Everything from the line with "Anhinga rufa Rwanda, Akagera" through the last line of the records below should be copied exactly, both ends included.

Record extracts ->
==*==

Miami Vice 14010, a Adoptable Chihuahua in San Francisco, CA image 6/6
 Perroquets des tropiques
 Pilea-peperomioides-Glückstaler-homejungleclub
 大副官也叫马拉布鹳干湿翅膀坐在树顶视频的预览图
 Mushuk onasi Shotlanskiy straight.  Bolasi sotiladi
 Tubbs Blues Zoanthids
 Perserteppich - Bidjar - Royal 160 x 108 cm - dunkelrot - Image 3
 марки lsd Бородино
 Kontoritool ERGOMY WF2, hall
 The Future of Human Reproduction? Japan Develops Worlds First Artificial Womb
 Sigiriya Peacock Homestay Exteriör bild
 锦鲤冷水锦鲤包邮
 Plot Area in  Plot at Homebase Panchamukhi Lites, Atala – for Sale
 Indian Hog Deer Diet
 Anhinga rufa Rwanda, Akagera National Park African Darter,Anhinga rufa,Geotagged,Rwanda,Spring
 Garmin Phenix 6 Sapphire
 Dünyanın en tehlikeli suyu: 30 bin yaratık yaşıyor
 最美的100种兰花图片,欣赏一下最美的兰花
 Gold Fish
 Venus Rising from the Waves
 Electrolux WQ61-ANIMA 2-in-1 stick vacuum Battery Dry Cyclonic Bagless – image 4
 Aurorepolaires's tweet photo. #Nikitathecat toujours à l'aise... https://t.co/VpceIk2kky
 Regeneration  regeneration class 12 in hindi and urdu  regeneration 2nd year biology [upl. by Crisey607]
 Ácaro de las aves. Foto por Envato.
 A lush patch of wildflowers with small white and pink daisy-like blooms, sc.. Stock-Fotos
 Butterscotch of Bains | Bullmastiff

==*==

Expected answer ->
 Anhinga rufa Rwanda, Akagera National Park African Darter,Anhinga rufa,Geotagged,Rwanda,Spring
 Garmin Phenix 6 Sapphire
 Dünyanın en tehlikeli suyu: 30 bin yaratık yaşıyor
 最美的100种兰花图片,欣赏一下最美的兰花
 Gold Fish
 Venus Rising from the Waves
 Electrolux WQ61-ANIMA 2-in-1 stick vacuum Battery Dry Cyclonic Bagless – image 4
 Aurorepolaires's tweet photo. #Nikitathecat toujours à l'aise... https://t.co/VpceIk2kky
 Regeneration  regeneration class 12 in hindi and urdu  regeneration 2nd year biology [upl. by Crisey607]
 Ácaro de las aves. Foto por Envato.
 A lush patch of wildflowers with small white and pink daisy-like blooms, sc.. Stock-Fotos
 Butterscotch of Bains | Bullmastiff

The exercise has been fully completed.